— Stored data —

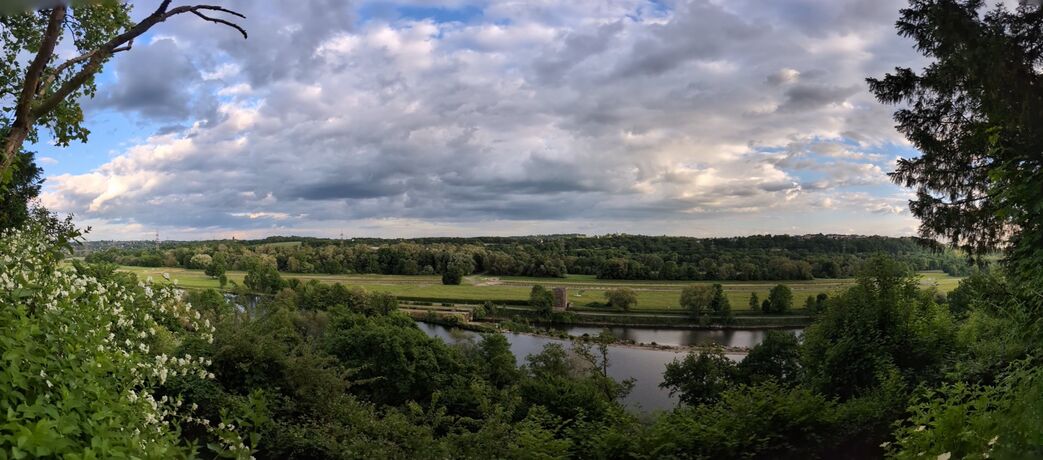Frühlingshafter Panoramablick auf die Ruhr hinter dem Linuxhotel
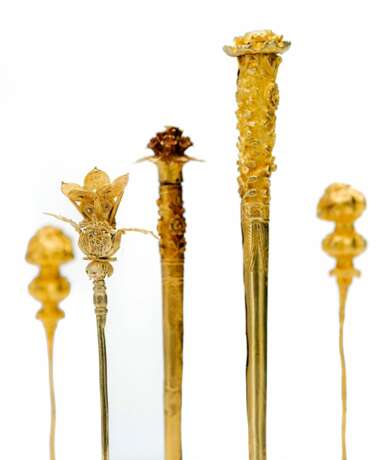 Sechs goldene Haarnadeln in Blütenform - photo 2
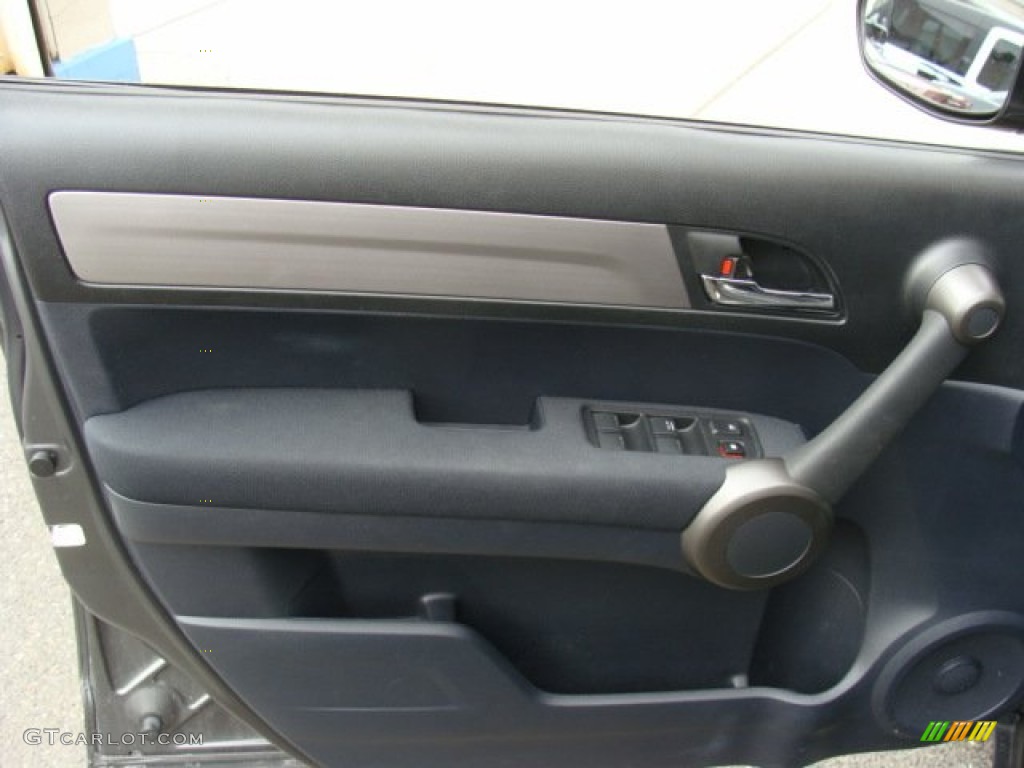 2011 CR-V LX 4WD - Polished Metal Metallic / Black photo #6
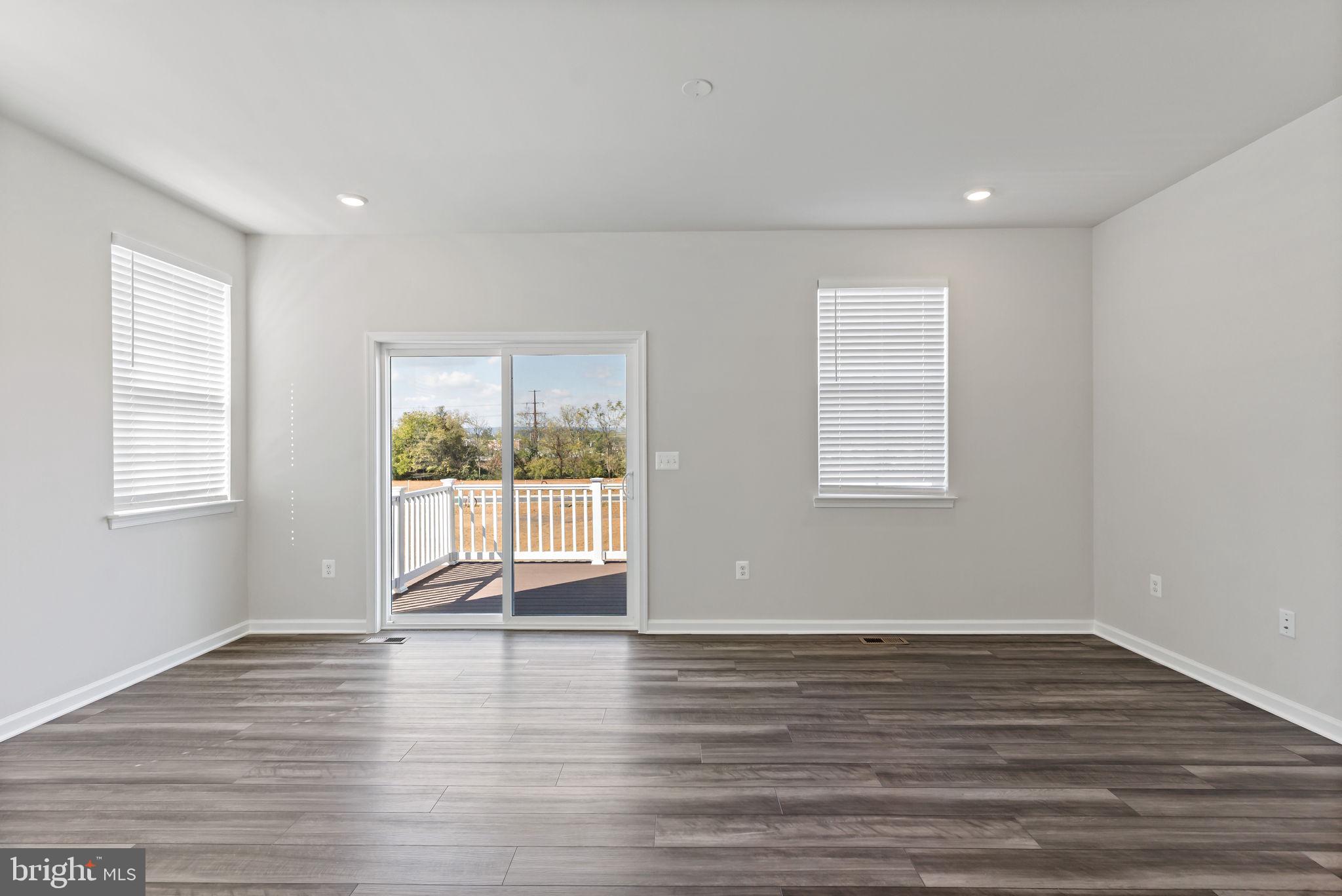 WILLOW GLEN - Residential Lease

— Task goal —
Give the listing again exactly, excluding pictures.

— Answer —
Frühlingshafter Panoramablick auf die Ruhr hinter dem Linuxhotel
 Sechs goldene Haarnadeln in Blütenform - photo 2
 2011 CR-V LX 4WD - Polished Metal Metallic / Black photo #6
 WILLOW GLEN - Residential Lease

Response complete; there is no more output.